TASK DETAILS:
Return exactly the lines from the "Modern bathroom featuring" line through the last line of the entries below. Include no pictures.

DATA TO PROCESS:
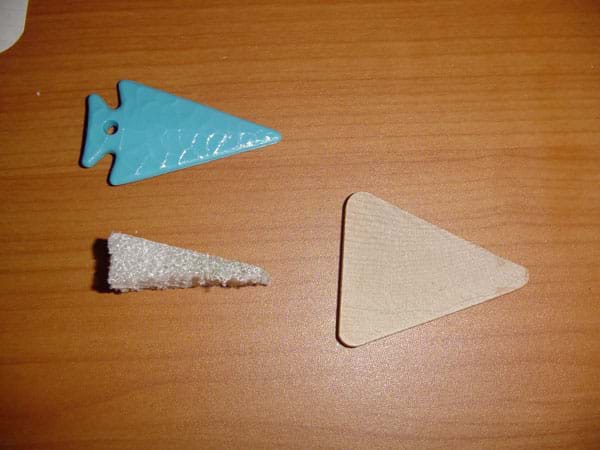 Photograph of three triangular-shaped items. 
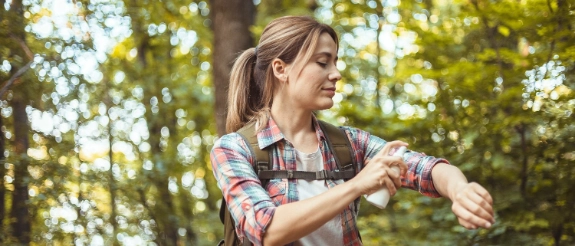 Junge Frau in kariertem Hemd sitzt im Wald und liest in einem Buch, umgeben von grünen Blättern und Bäumen.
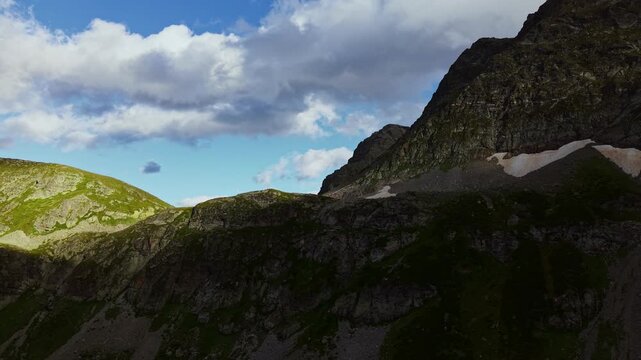 Rugged Mountain Valley with Steep Rocky Cliffs and Snow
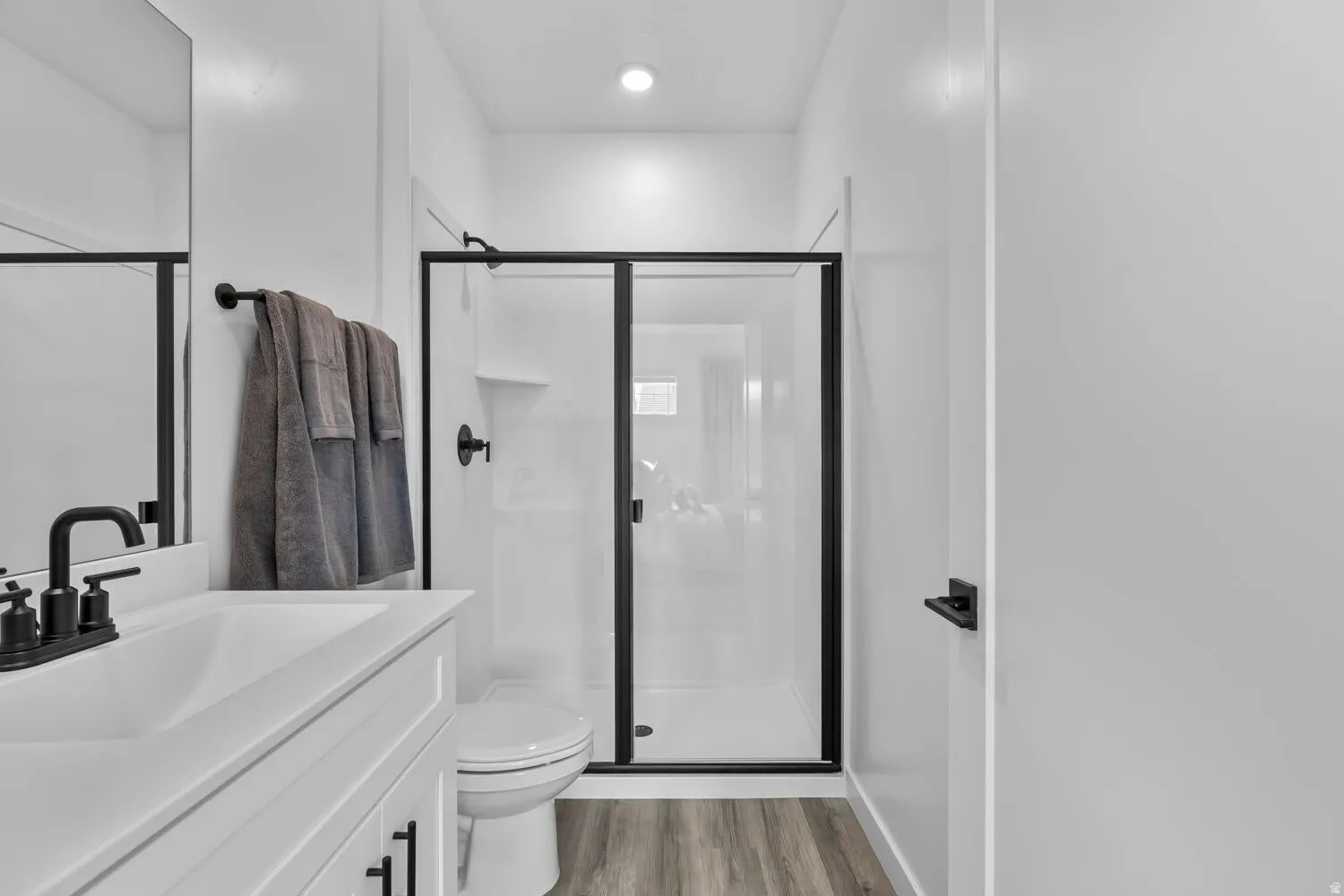 Modern bathroom featuring a white vanity with black fixtures, a glass-enclosed shower with black framing, wood-finish flooring, and a recessed ceiling light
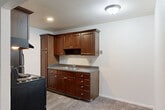Located at 2345 N Harrison Rd in East Lansing, MI, this 2-bedroom, 1-bathroom unit offers a functional and comfortable single-floor layout. The living room is a bright, open space with plush carpeting, a baseboard heating system, a wall-mounted AC unit, and a sliding glass door that opens to a private balcony with lush, tree-lined views. An adjacent dining area provides a seamless transition into the kitchen, which features rich dark-wood cabinetry, granite-style countertops, a double-basin sink, and black appliances including a range and refrigerator, set over easy-care wood-look flooring. Both bedrooms are carpeted and well-sized, with the primary bedroom offering ample space, and the second bedroom benefiting from a window with outdoor views and a baseboard heater. Two closets provide convenient storage throughout the unit. The full bathroom includes a tiled tub-shower combo with decorative accent tiles, a granite-top vanity, a large mirror, and wood-look flooring. A connecting hallway ties all rooms together efficiently. Neutral tones and textured ceilings give the unit a clean, consistent aesthetic throughout.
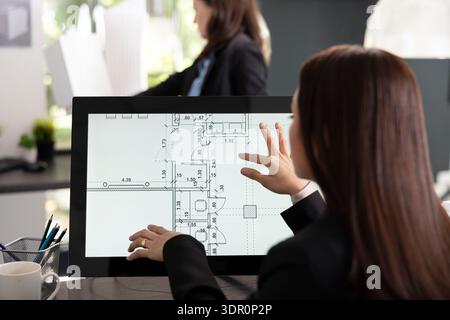 Female architect reviews detailed digital floor plan on touchscreen monitor. Professional designer evaluates layout measurements and prepares updated architectural documents for upcoming project. Stock Photo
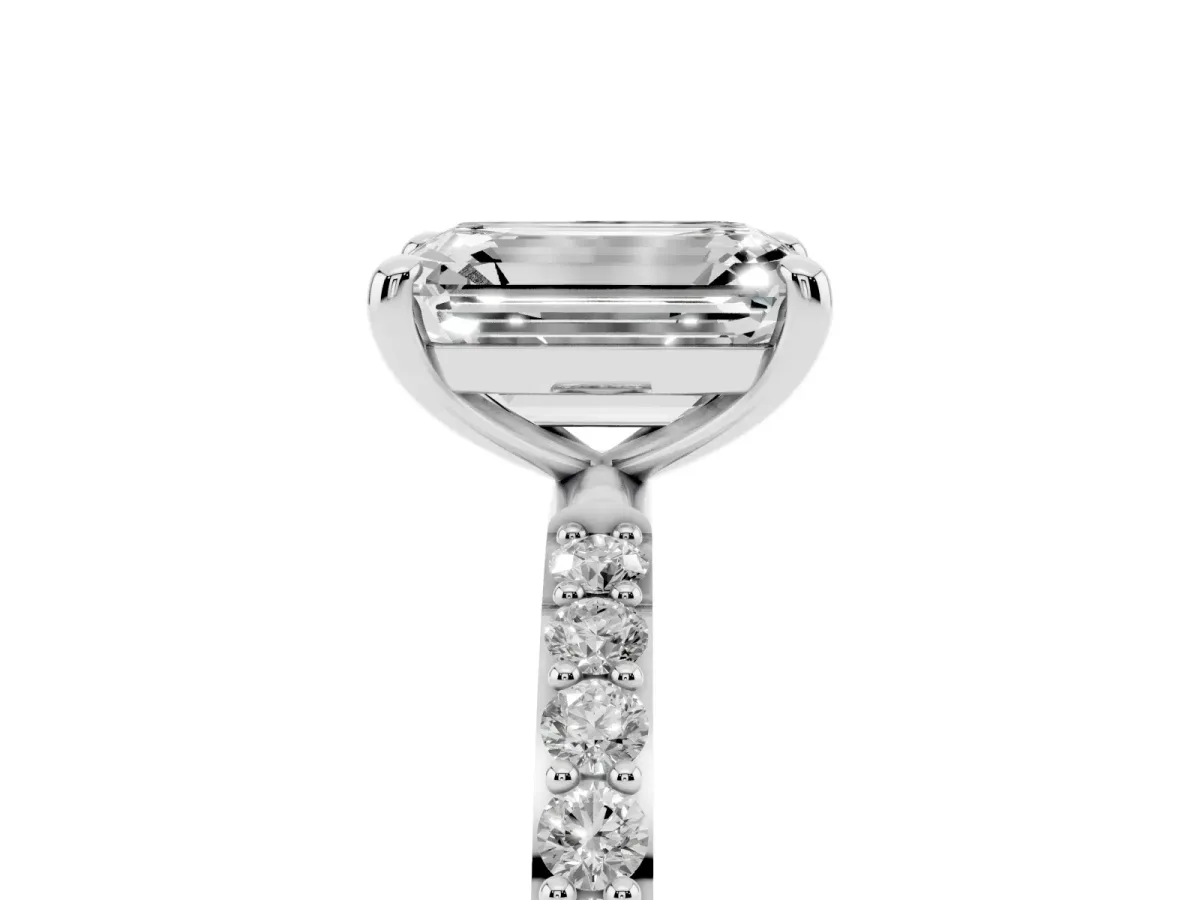 Emerald Cut Diamond Solitaire Ring with Round Pavé Band and Prong Setting Platinum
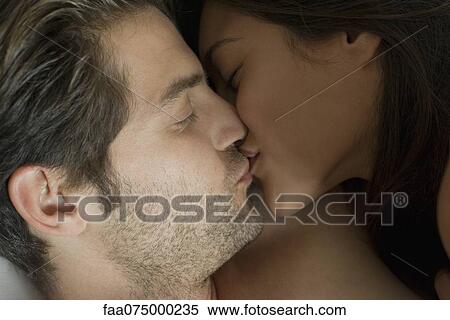 Stock Photography - Young coupld kissing. Fotosearch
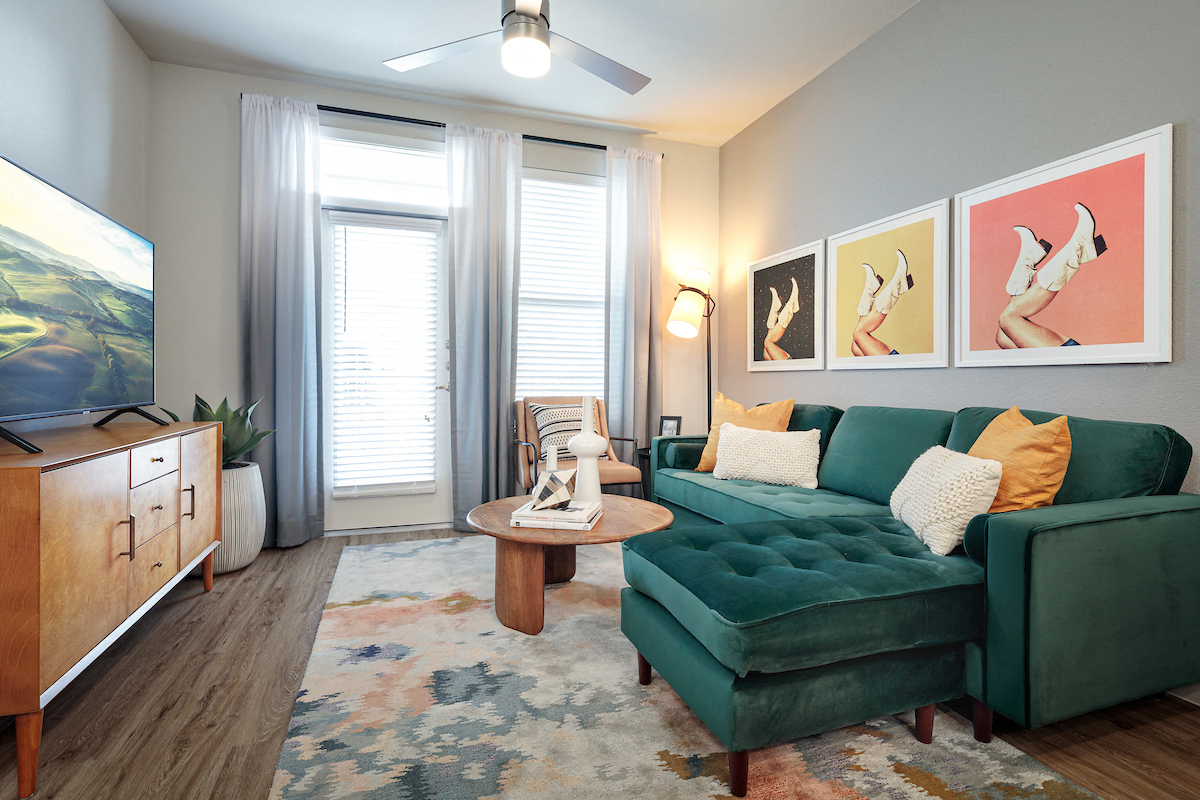 A living room with a green couch and a wooden cabinet.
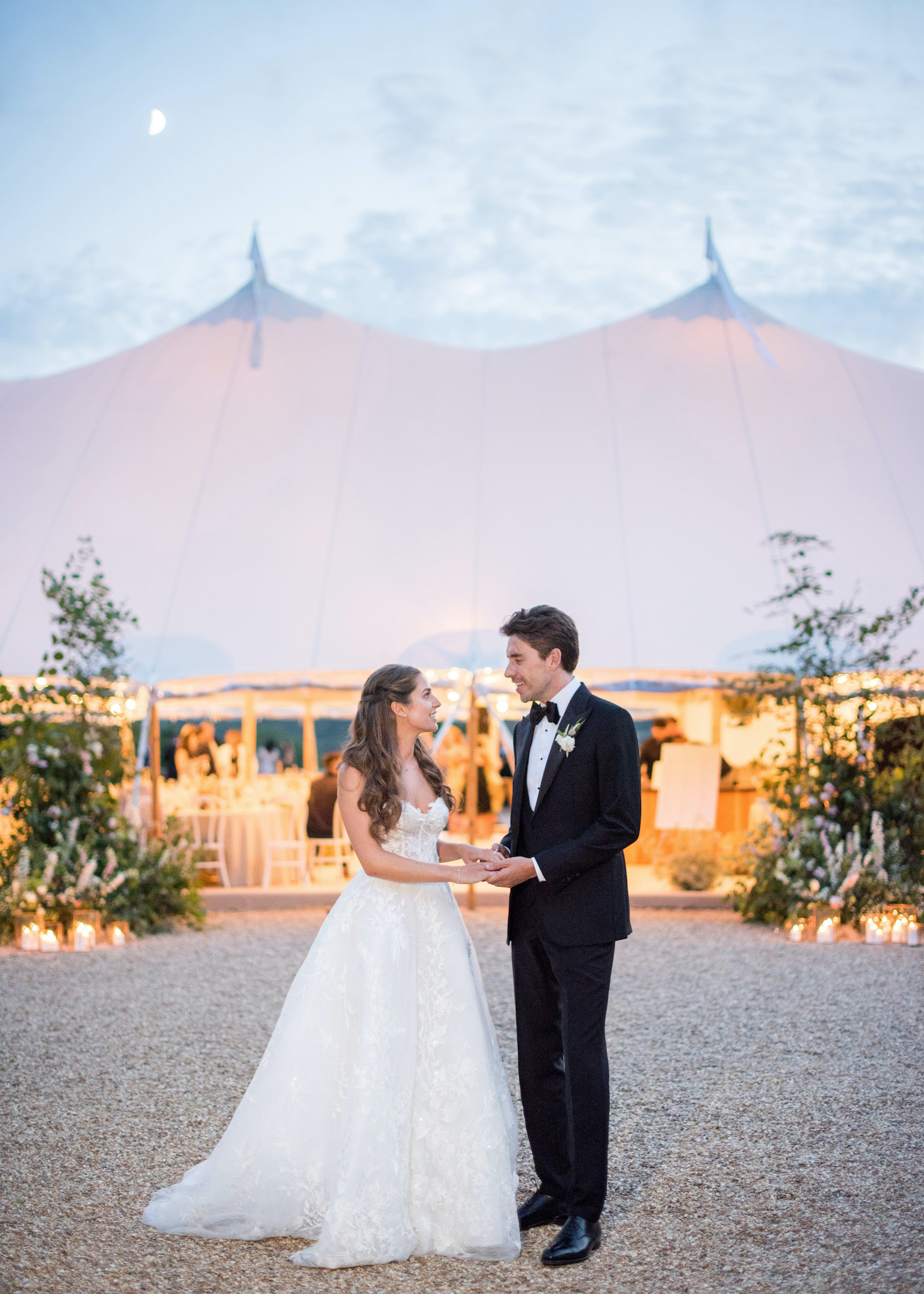 Newly weds Ellie and Sam in front of their Sperry Tent, designed by Katrina Otter Weddings with The Sail Tent Company.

RESPONSE TO THIS TASK:
 Modern bathroom featuring a white vanity with black fixtures, a glass-enclosed shower with black framing, wood-finish flooring, and a recessed ceiling light
Located at 2345 N Harrison Rd in East Lansing, MI, this 2-bedroom, 1-bathroom unit offers a functional and comfortable single-floor layout. The living room is a bright, open space with plush carpeting, a baseboard heating system, a wall-mounted AC unit, and a sliding glass door that opens to a private balcony with lush, tree-lined views. An adjacent dining area provides a seamless transition into the kitchen, which features rich dark-wood cabinetry, granite-style countertops, a double-basin sink, and black appliances including a range and refrigerator, set over easy-care wood-look flooring. Both bedrooms are carpeted and well-sized, with the primary bedroom offering ample space, and the second bedroom benefiting from a window with outdoor views and a baseboard heater. Two closets provide convenient storage throughout the unit. The full bathroom includes a tiled tub-shower combo with decorative accent tiles, a granite-top vanity, a large mirror, and wood-look flooring. A connecting hallway ties all rooms together efficiently. Neutral tones and textured ceilings give the unit a clean, consistent aesthetic throughout.
 Female architect reviews detailed digital floor plan on touchscreen monitor. Professional designer evaluates layout measurements and prepares updated architectural documents for upcoming project. Stock Photo
 Emerald Cut Diamond Solitaire Ring with Round Pavé Band and Prong Setting Platinum
 Stock Photography - Young coupld kissing. Fotosearch
 A living room with a green couch and a wooden cabinet.
 Newly weds Ellie and Sam in front of their Sperry Tent, designed by Katrina Otter Weddings with The Sail Tent Company.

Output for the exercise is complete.